Of all the billions of people in the world, probably every single person has a dream, if not scores of them. Is there even a figure for the number of dreams being dreamed at this moment? Dreams that haven’t come true yet, but many of which will, one day. That’s a lot of creative energy in action right now. 

We can’t even see that it’s having any impact on the material world at this phase. Not one of us billions knows for sure that our dreams are in the process of coming true. We can't see it; our senses aren’t finely tuned enough. It only becomes obvious when it crosses that line between the reality of idea and physical reality. At the point of dreaming all we’ve got to rely on is our audacious capacity of faith, belief, hope.  

Turning dreams into reality is laborious and challenging. Dreams are a quick thing but the material world is clumsy, especially at the beginning. In that phase, when all you’re getting is no or no response at all, it’s easy to get discouraged, and to believe that you’re not good enough in whatever you’re doing. Life and people and God and Universe won’t reward me because I don’t deserve it.

Of course that innate belief cauterizes your success, it shuts you down, it stops you from going forward.

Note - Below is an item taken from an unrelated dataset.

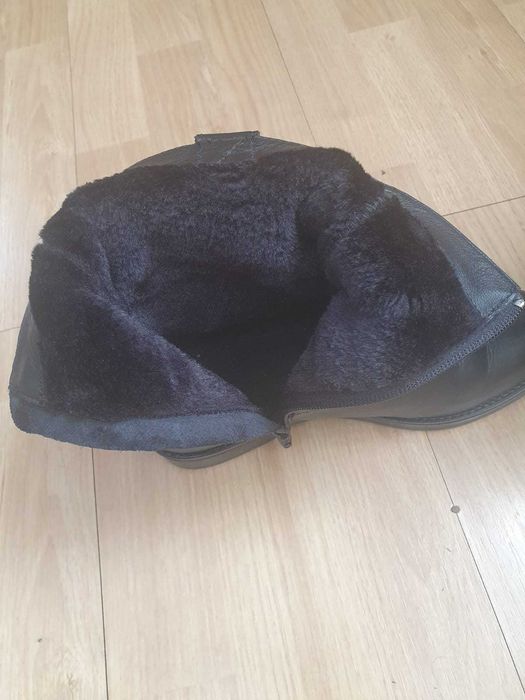 Vand cisme dama negre,din piele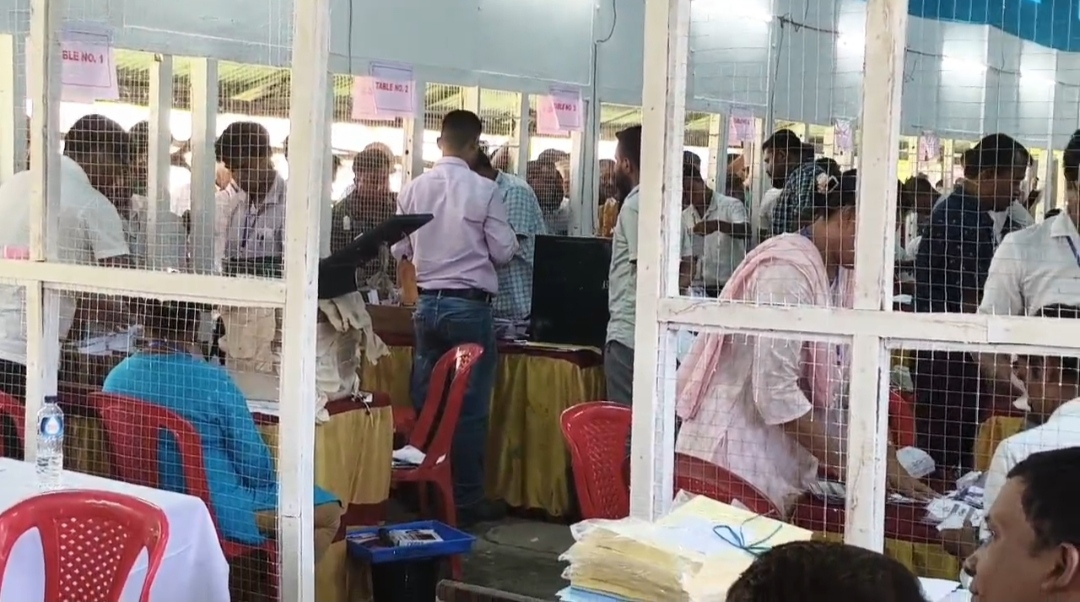 বিটিচি পৰিষদীয় নিৰ্বাচনৰ ৪০টা পৰিষদীয় সমষ্টিৰ বাবে হোৱা ভোটগণনা আজি পুৱাৰে পৰা আৰম্ভ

In those times when you so desperately want some kind of affirmation from the world, sometimes the only thing you can do is remember that nobody ever knew when they started out that they would succeed.

It’s dangerous to predict your future by what’s happened in the past, or even what’s happening in the present, unless you can see it from this perspective: every time I’ve stumbled or been rejected or not supported in the way I longed for woke me up a bit more to how little I believed I deserved any of the good things in life. Each time I did as much as I could to repair.

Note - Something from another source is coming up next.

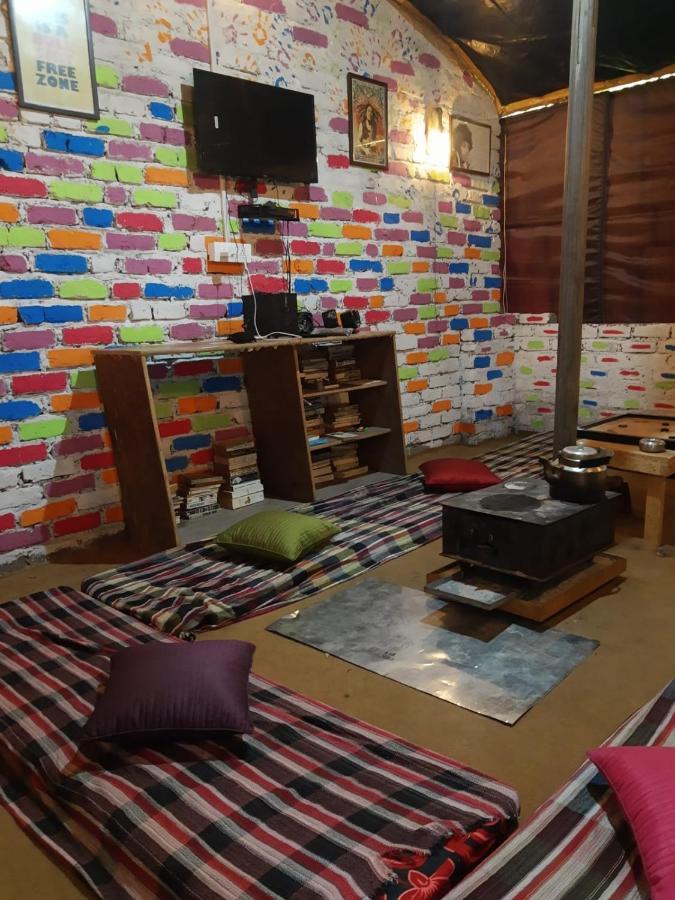 Хостел La Siesta India Manali Экстерьер фото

And I didn’t give up. Repair is incremental. All my stumbling, all my groping in the dark, all my failures to get any kind of meaningful traction in the material world haven’t been failures at all. They’ve actually been about an accumulation of understanding and wisdom about myself and life and people and God and the Universe. 

Every time it seems that life is knocking me down down and I get up again, every time I feel lousy about myself and I reach out for love and protection my entitlement and self esteem and my core belief in myself grow stronger. I begin to behave differently towards myself and in the world. I'm more protective, less adaptive, less apologetic. All of which amounts to a sure and steady movement towards the fulfillment of dreams.

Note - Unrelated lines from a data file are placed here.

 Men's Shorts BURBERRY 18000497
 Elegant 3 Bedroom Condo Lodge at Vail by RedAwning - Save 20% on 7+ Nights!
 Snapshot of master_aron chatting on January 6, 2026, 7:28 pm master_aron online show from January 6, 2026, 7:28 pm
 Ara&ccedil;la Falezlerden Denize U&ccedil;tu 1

This has been my experience of life and it's the story of empowerment in individuals and in societies the world over. Minorities and the suppressed long for freedom and the experience of flourishing and being treated with respect. They stumble and fall, stumble and fall, butting their minds and bodies against the seemingly unbreachable and materially very real walls of fear and prejudice of those in power.

And the disbelief within themeselves that they deserve. Gradually the wall is eroded and their self belief is strengthened. Dreams are powerful. Do whatever you need to do to hold onto the ones that give your life prospect, because that's what gives you the energy and strength to carry on. One day, the dream starts to be materially visible, like a shoot poking its head up above the ground.

What if our destiny is for our dreams to come true, and it’s already happening, and nothing can stop it?